To make those shutdowns possible, cleaner-burning natural gas plants have been built in Brampton and east Toronto, and two more are under construction in Halton and York regions. They're supposed to emit up to half the greenhouse-gas emissions of a coal plant and, because they can be fired up and down relatively fast, they're considered a way to manage the fickle output of weather-dependent wind farms sprouting across the region.

The power authority says new gas generation in the southwest GTA is the crucial missing link to a complex energy puzzle. True, the plant will emit carbon dioxide, as well as smog-causing particulates and nitrogen oxides. But the agency insists that, in the absence of the Lakeview coal station, building a high-efficiency gas plant is the cleanest way to accommodate fast growth in Mississauga and Oakville. The plant will emit far less CO2, won't spew mercury and sulphur, and is expected to operate no more than 40 per cent of the time. Local residents, including MacKenzie, are being asked to take one for the team. "Southwest GTA needs a local supply of electricity and there is no way around that," power authority spokesman Ben Chin says.

The community, however, continues to dig in its heels. Protest rallies have been held in Oakville and Mississauga, one attracting more than 1,000 people in the middle of vacation season. Messages of opposition are being spread through social networking sites such as Facebook. More than 17,000 people have signed petitions, and residential streets near the affected areas are dotted with "No Power Plant" lawn signs.

Mississauga Mayor Hazel McCallion and Oakville Mayor Rob Burton have told Premier Dalton McGuinty they don't want the plant, and both city councils have called on the province to abandon its efforts. There's even opposition within McGuinty's own party. "I'm a lifelong resident of the area, and I'm not in favour of having another power plant in the south," says Charles Sousa, Liberal MPP for Mississauga South, adding that he grew up on the doorsteps of the old Lakeview station. "We've been doing our part."

It's not a case of community NIMBYism, opponents of the plant insist, referring to the acronym "Not In My Back Yard." Mike Douglas, who lives a little north of the affected neighbourhoods and volunteers as president of the Sheridan Homelands Ratepayers' Association, says it's about democracy – a community and its political leaders virtually united in protest.

"We've got an elected member of Parliament, mayors, council members," says Douglas, who accuses the power authority and Smitherman of "bullying" the community.

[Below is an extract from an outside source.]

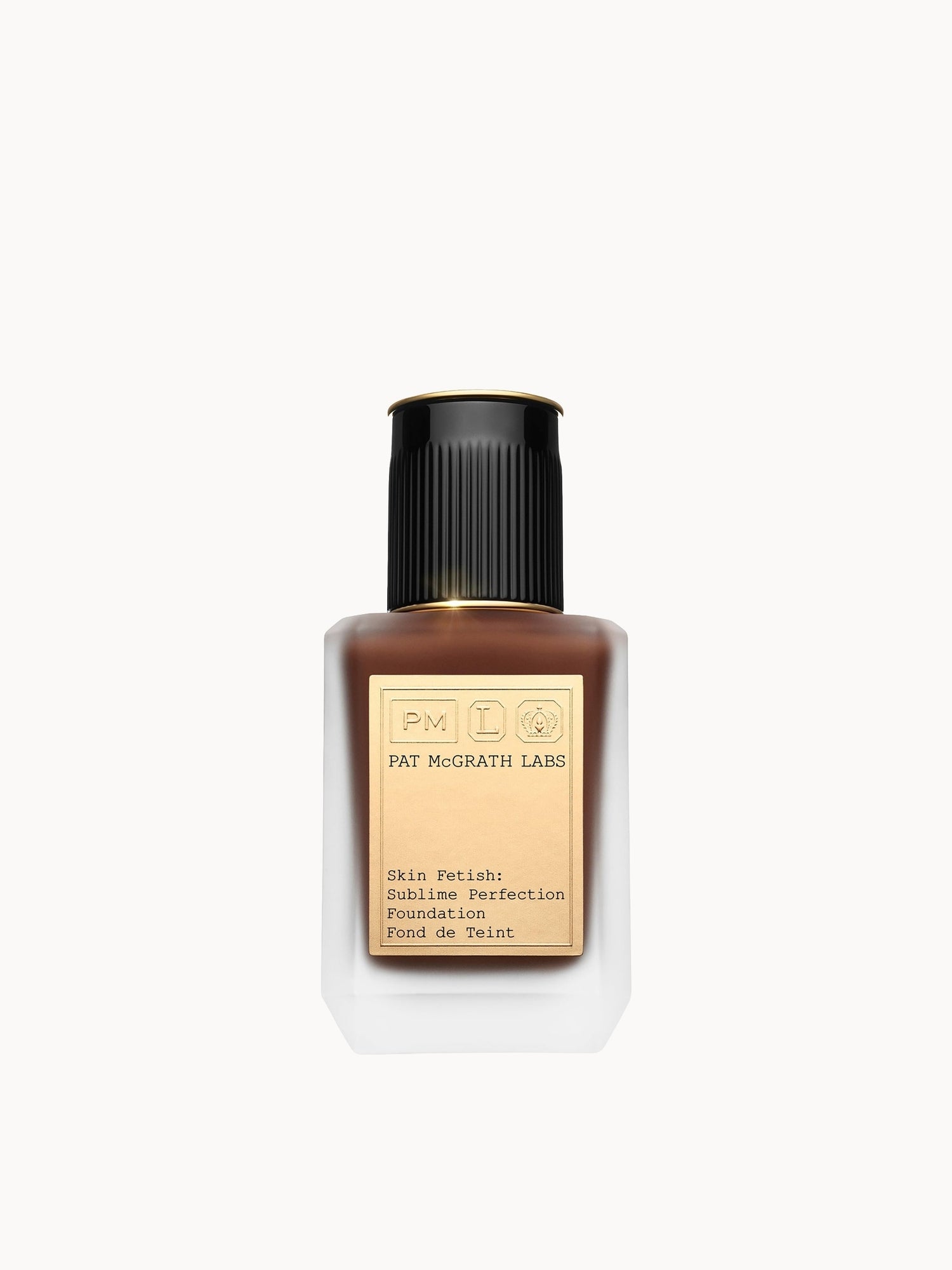 Pat McGrath Labs Skin Fetish Sublime Perfection Foundation 35ml (Various Shades)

"All are standing against the gas plant and we're going to get it shoved down our throats anyways. We find ourselves hoping that we'll wake up and this has been some sort of weird dream."

Opponents question the rush to build a plant in a province where industrial electricity demand has plummeted, and where overall power consumption has fallen annually since 2006. The province's Independent Electricity System Operator estimated last month that consumption will fall 5.5 per cent in 2009 and may show a slight increase of 0.2 per cent in 2010 as the economy slowly recovers.

The province has more electricity at times than it can handle, a situation that has forced nuclear operator Bruce Power to turn down or completely shut off reactors this spring and summer. In July, Bruce said it was shelving its effort to build a new nuclear plant in Nanticoke because of what one executive described as a "surprising" drop in electricity demand.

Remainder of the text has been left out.